• _What this task involves_: Write out, exactly and in full, the records given below, but not their pictures.

★ ★ ★ ★ ★ ★ ★

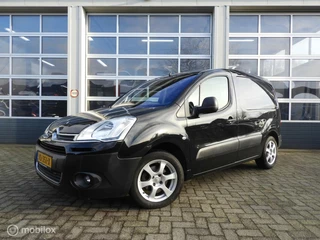 Hoofdafbeelding Citroën Berlingo Citroen Berlingo bestel 1.6 e-HDI Airco , Cruise , Marge
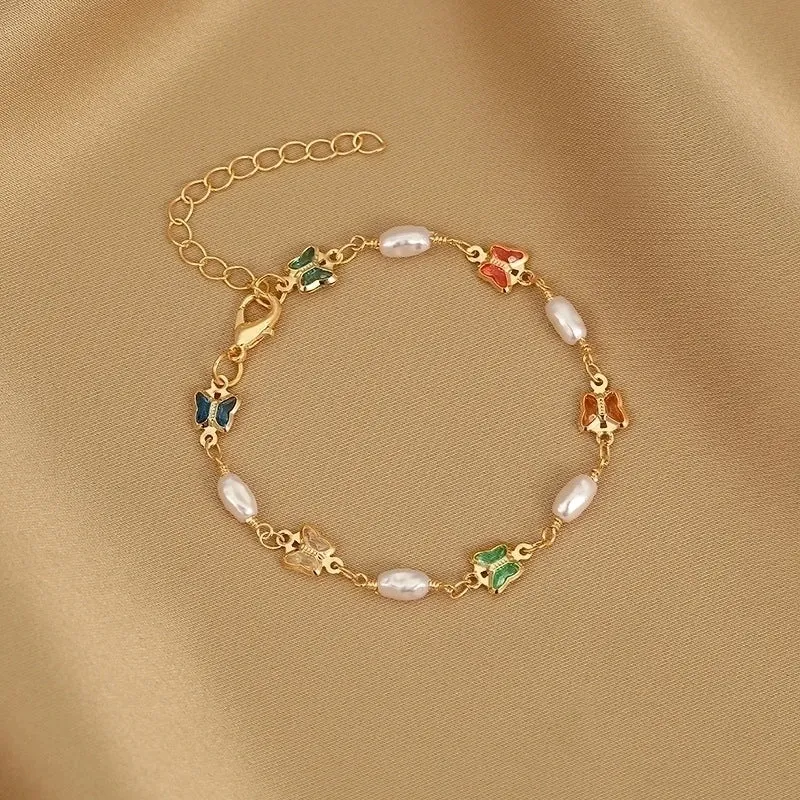 Korean Bracelets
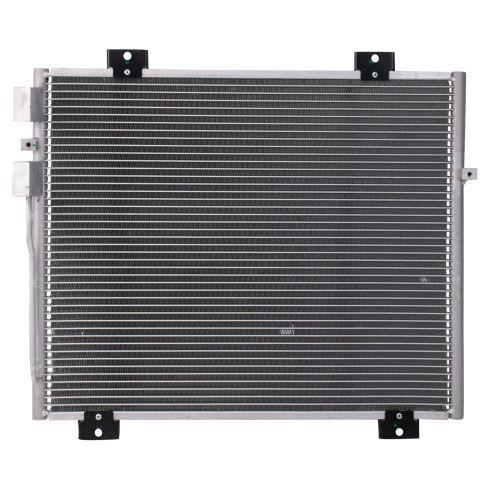 A/C Condenser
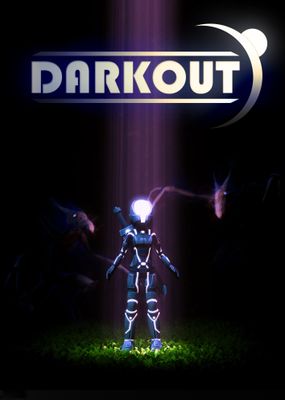 Darkout game cover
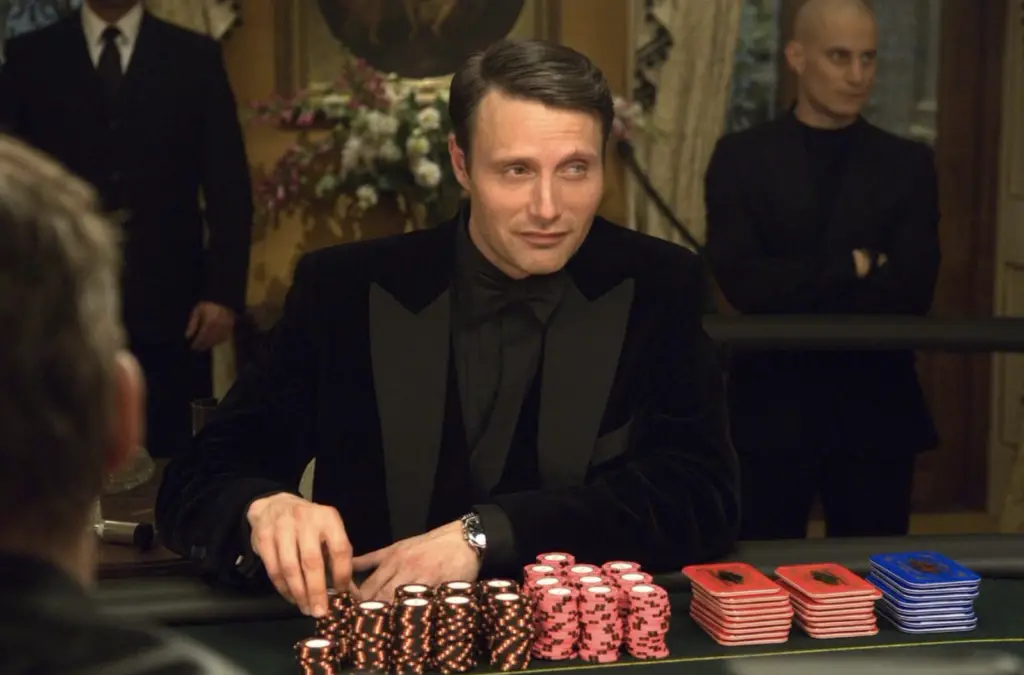 Why Do Movies Depict Gambling So Wrong? image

★ ★ ★ ★ ★ ★ ★

• _Output for this exercise_:
 Hoofdafbeelding Citroën Berlingo Citroen Berlingo bestel 1.6 e-HDI Airco , Cruise , Marge
 Korean Bracelets
 A/C Condenser
 Darkout game cover
 Why Do Movies Depict Gambling So Wrong? image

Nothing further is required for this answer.